EXERCISE GOAL: Below are records; write all of them out exactly.

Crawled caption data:
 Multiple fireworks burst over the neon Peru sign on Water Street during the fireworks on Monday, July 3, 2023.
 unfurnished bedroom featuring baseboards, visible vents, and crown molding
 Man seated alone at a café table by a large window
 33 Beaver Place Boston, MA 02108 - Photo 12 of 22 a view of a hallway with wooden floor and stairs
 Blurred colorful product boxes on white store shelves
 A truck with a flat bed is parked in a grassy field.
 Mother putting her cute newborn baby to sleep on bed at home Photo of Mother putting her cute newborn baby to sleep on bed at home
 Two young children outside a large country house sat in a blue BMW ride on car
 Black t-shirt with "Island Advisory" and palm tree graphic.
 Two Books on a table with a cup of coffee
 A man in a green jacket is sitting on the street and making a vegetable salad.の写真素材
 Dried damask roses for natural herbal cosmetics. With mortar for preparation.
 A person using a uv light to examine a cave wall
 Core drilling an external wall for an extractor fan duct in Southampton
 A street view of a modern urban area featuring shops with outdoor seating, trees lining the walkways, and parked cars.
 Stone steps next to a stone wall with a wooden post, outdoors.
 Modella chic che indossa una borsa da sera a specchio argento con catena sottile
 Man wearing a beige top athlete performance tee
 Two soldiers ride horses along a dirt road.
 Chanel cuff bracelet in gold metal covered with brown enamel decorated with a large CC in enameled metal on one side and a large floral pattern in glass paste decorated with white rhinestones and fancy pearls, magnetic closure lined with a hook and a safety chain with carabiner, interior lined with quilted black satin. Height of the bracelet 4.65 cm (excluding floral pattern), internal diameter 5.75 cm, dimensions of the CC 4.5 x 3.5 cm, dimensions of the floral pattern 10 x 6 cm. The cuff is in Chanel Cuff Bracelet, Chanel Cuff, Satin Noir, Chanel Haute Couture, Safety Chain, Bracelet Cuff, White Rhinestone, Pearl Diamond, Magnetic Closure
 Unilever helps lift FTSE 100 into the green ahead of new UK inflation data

RESPONSE:
 Multiple fireworks burst over the neon Peru sign on Water Street during the fireworks on Monday, July 3, 2023.
 unfurnished bedroom featuring baseboards, visible vents, and crown molding
 Man seated alone at a café table by a large window
 33 Beaver Place Boston, MA 02108 - Photo 12 of 22 a view of a hallway with wooden floor and stairs
 Blurred colorful product boxes on white store shelves
 A truck with a flat bed is parked in a grassy field.
 Mother putting her cute newborn baby to sleep on bed at home Photo of Mother putting her cute newborn baby to sleep on bed at home
 Two young children outside a large country house sat in a blue BMW ride on car
 Black t-shirt with "Island Advisory" and palm tree graphic.
 Two Books on a table with a cup of coffee
 A man in a green jacket is sitting on the street and making a vegetable salad.の写真素材
 Dried damask roses for natural herbal cosmetics. With mortar for preparation.
 A person using a uv light to examine a cave wall
 Core drilling an external wall for an extractor fan duct in Southampton
 A street view of a modern urban area featuring shops with outdoor seating, trees lining the walkways, and parked cars.
 Stone steps next to a stone wall with a wooden post, outdoors.
 Modella chic che indossa una borsa da sera a specchio argento con catena sottile
 Man wearing a beige top athlete performance tee
 Two soldiers ride horses along a dirt road.
 Chanel cuff bracelet in gold metal covered with brown enamel decorated with a large CC in enameled metal on one side and a large floral pattern in glass paste decorated with white rhinestones and fancy pearls, magnetic closure lined with a hook and a safety chain with carabiner, interior lined with quilted black satin. Height of the bracelet 4.65 cm (excluding floral pattern), internal diameter 5.75 cm, dimensions of the CC 4.5 x 3.5 cm, dimensions of the floral pattern 10 x 6 cm. The cuff is in Chanel Cuff Bracelet, Chanel Cuff, Satin Noir, Chanel Haute Couture, Safety Chain, Bracelet Cuff, White Rhinestone, Pearl Diamond, Magnetic Closure
 Unilever helps lift FTSE 100 into the green ahead of new UK inflation data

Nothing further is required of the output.